— About this task —
Please set down the line that contains "2 Pocket Glossy" and every line below it through the last, exactly as written, with no other lines.

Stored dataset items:

◆ ◆ ◆ ◆

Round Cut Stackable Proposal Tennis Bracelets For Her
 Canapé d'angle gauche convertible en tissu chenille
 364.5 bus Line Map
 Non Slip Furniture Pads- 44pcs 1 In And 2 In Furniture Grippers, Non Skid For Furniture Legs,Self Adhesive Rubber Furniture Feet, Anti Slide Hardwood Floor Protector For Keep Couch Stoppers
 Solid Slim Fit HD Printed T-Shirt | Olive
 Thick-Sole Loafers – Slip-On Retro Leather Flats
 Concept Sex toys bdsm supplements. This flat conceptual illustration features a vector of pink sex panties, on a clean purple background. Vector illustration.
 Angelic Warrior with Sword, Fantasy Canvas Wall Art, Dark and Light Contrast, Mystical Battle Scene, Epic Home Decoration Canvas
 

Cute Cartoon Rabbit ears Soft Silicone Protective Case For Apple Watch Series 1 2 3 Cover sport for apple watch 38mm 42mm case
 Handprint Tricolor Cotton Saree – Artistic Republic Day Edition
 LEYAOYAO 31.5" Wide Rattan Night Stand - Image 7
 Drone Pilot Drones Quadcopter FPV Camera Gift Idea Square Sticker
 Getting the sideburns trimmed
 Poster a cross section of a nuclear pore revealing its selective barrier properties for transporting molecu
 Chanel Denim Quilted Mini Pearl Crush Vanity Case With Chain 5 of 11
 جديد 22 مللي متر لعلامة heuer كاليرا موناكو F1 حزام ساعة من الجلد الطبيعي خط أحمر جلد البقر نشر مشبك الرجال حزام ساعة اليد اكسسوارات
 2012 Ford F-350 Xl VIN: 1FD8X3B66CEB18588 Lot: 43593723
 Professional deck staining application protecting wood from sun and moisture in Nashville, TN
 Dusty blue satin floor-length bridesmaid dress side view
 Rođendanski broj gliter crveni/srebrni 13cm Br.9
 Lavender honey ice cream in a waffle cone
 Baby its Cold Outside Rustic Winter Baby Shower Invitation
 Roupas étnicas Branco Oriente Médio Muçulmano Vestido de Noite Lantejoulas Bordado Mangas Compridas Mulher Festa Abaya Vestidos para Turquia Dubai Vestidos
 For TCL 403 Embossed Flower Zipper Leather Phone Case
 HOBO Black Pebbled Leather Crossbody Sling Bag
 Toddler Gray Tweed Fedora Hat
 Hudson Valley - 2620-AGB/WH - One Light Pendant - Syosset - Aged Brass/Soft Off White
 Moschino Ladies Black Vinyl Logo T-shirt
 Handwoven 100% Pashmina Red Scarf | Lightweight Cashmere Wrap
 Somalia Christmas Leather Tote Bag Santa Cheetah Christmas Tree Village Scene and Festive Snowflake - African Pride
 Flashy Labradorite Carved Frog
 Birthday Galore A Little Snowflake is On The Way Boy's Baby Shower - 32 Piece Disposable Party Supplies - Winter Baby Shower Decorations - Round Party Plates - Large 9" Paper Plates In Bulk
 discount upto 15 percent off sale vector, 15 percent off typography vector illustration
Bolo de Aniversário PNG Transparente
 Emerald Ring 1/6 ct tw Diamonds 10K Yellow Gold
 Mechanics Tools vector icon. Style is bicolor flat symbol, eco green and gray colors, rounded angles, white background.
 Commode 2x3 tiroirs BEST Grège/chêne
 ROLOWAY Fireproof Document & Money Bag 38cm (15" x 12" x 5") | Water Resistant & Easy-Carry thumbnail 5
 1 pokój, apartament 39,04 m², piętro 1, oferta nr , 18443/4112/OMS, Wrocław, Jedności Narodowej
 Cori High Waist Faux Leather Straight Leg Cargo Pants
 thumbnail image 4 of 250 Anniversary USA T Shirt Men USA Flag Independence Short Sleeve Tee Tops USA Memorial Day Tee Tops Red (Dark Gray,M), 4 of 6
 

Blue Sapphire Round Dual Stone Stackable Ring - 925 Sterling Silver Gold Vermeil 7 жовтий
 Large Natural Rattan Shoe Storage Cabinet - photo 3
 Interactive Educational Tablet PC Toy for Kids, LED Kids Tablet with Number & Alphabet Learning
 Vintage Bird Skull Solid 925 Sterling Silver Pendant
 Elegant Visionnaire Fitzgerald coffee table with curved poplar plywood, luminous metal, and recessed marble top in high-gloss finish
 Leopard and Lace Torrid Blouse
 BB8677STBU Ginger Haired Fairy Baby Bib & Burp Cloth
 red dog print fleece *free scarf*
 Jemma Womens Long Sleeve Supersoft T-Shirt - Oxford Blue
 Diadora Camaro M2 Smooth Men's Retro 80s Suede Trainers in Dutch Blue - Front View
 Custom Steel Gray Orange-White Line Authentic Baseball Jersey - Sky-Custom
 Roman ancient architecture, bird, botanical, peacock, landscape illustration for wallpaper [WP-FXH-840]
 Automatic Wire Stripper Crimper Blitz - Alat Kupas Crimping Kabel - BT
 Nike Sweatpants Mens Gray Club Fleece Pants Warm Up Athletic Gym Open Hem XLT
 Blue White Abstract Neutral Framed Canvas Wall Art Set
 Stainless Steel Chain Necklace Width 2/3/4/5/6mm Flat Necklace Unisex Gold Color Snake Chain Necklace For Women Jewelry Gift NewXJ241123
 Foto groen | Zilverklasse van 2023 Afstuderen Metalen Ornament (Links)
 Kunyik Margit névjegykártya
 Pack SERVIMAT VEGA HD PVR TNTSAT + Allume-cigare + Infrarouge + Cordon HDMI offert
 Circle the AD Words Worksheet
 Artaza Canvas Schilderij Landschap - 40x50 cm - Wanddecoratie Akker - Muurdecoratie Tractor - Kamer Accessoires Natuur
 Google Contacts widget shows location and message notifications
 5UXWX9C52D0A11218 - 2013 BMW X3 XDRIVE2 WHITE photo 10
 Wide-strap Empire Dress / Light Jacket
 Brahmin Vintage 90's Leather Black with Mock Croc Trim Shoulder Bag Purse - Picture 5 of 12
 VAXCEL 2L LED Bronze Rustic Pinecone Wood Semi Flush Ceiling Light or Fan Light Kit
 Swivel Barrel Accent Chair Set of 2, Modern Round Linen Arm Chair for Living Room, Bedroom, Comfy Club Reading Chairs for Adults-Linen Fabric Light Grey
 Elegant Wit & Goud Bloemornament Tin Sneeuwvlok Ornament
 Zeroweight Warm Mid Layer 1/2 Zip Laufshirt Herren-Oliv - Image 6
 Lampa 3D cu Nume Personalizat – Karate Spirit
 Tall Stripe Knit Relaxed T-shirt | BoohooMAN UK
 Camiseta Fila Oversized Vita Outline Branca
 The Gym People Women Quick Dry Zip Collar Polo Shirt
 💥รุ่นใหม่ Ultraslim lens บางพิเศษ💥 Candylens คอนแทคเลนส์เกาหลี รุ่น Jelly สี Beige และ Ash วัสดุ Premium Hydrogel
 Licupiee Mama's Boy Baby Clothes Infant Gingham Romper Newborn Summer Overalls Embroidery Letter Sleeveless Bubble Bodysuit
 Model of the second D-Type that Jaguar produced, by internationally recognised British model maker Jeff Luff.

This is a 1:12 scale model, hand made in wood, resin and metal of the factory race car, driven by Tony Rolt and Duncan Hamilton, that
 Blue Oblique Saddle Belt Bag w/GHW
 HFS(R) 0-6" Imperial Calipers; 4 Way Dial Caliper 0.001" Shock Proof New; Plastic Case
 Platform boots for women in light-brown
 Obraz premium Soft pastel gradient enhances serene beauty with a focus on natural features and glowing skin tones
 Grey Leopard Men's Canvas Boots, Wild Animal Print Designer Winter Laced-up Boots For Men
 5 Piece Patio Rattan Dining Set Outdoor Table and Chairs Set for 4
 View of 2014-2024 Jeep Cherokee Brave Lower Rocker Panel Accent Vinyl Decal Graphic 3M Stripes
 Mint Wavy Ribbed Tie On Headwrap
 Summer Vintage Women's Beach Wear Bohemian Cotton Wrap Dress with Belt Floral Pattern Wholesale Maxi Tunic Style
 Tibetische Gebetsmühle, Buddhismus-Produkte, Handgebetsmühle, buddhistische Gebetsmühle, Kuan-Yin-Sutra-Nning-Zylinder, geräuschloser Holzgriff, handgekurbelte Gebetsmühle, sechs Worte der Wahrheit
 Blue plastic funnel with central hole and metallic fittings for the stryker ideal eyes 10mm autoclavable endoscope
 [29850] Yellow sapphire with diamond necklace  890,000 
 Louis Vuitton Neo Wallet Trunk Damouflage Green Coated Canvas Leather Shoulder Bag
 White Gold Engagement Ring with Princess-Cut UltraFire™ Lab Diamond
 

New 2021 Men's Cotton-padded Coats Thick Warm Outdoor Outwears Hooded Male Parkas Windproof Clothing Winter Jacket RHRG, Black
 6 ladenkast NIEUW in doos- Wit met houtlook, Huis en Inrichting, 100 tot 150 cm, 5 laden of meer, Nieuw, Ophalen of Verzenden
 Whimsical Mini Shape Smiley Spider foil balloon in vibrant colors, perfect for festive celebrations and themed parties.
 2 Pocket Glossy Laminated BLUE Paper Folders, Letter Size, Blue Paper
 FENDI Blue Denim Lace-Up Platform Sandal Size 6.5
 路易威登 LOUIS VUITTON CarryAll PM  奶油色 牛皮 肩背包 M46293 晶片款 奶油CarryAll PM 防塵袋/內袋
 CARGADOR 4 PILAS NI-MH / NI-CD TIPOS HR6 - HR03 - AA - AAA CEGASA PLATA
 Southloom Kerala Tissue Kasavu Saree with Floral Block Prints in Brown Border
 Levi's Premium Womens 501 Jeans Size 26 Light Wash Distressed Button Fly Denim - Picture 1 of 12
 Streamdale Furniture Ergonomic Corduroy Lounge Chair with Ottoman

◆ ◆ ◆ ◆

— Answer to the exercise —
 2 Pocket Glossy Laminated BLUE Paper Folders, Letter Size, Blue Paper
 FENDI Blue Denim Lace-Up Platform Sandal Size 6.5
 路易威登 LOUIS VUITTON CarryAll PM  奶油色 牛皮 肩背包 M46293 晶片款 奶油CarryAll PM 防塵袋/內袋
 CARGADOR 4 PILAS NI-MH / NI-CD TIPOS HR6 - HR03 - AA - AAA CEGASA PLATA
 Southloom Kerala Tissue Kasavu Saree with Floral Block Prints in Brown Border
 Levi's Premium Womens 501 Jeans Size 26 Light Wash Distressed Button Fly Denim - Picture 1 of 12
 Streamdale Furniture Ergonomic Corduroy Lounge Chair with Ottoman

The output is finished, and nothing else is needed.